━━━━━ Provided entries ━━━━━

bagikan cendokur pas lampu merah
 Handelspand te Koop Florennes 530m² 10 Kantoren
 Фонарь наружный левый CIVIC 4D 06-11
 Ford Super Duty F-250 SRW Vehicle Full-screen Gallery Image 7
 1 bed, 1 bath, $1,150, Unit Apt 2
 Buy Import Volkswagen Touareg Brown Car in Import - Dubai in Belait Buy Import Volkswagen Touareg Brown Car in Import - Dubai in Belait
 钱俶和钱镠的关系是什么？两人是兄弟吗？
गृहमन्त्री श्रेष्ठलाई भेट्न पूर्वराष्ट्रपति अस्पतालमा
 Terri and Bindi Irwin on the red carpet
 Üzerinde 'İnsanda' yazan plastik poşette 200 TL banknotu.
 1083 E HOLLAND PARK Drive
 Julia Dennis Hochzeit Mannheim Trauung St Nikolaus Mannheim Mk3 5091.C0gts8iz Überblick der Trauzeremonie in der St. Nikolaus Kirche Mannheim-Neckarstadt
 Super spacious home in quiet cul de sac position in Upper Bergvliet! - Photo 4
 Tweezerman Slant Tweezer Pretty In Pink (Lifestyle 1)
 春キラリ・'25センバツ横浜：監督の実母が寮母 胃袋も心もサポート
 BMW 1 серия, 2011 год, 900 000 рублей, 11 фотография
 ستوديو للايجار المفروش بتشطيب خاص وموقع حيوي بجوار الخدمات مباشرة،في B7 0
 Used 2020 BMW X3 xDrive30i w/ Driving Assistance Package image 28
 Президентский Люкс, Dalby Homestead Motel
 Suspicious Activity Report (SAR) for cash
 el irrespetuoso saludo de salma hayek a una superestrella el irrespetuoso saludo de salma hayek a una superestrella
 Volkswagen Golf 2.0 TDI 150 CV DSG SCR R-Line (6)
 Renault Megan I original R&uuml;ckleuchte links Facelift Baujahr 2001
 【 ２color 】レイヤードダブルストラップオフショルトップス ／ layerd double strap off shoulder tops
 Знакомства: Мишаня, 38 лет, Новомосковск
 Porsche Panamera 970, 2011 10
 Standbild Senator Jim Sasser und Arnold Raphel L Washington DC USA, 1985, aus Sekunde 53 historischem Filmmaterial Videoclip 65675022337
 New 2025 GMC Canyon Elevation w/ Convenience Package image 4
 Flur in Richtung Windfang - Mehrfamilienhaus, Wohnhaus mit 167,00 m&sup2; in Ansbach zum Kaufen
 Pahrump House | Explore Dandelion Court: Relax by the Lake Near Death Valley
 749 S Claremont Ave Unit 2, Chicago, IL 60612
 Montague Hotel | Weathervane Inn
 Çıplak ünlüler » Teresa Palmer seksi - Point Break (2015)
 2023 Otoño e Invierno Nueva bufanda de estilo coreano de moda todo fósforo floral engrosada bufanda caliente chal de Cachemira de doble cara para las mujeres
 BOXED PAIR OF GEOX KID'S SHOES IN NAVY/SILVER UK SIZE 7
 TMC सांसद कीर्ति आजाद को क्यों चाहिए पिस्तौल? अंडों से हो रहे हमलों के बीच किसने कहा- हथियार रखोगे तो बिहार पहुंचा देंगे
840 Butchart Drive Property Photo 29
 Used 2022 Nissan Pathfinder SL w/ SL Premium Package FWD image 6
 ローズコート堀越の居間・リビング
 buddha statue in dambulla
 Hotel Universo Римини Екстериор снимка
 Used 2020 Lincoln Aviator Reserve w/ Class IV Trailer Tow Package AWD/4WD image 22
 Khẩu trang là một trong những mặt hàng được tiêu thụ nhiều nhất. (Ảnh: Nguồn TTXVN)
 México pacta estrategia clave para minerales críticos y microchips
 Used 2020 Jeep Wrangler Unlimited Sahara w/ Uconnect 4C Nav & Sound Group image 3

━━━━━

• Exercise objective:
Please return only the lines above, starting at the line that has "Üzerinde 'İnsanda' yazan" and ending at the line that has "ستوديو للايجار المفروش", keeping both and leaving each one unchanged.

• Solution for this task:
 Üzerinde 'İnsanda' yazan plastik poşette 200 TL banknotu.
 1083 E HOLLAND PARK Drive
 Julia Dennis Hochzeit Mannheim Trauung St Nikolaus Mannheim Mk3 5091.C0gts8iz Überblick der Trauzeremonie in der St. Nikolaus Kirche Mannheim-Neckarstadt
 Super spacious home in quiet cul de sac position in Upper Bergvliet! - Photo 4
 Tweezerman Slant Tweezer Pretty In Pink (Lifestyle 1)
 春キラリ・'25センバツ横浜：監督の実母が寮母 胃袋も心もサポート
 BMW 1 серия, 2011 год, 900 000 рублей, 11 фотография
 ستوديو للايجار المفروش بتشطيب خاص وموقع حيوي بجوار الخدمات مباشرة،في B7 0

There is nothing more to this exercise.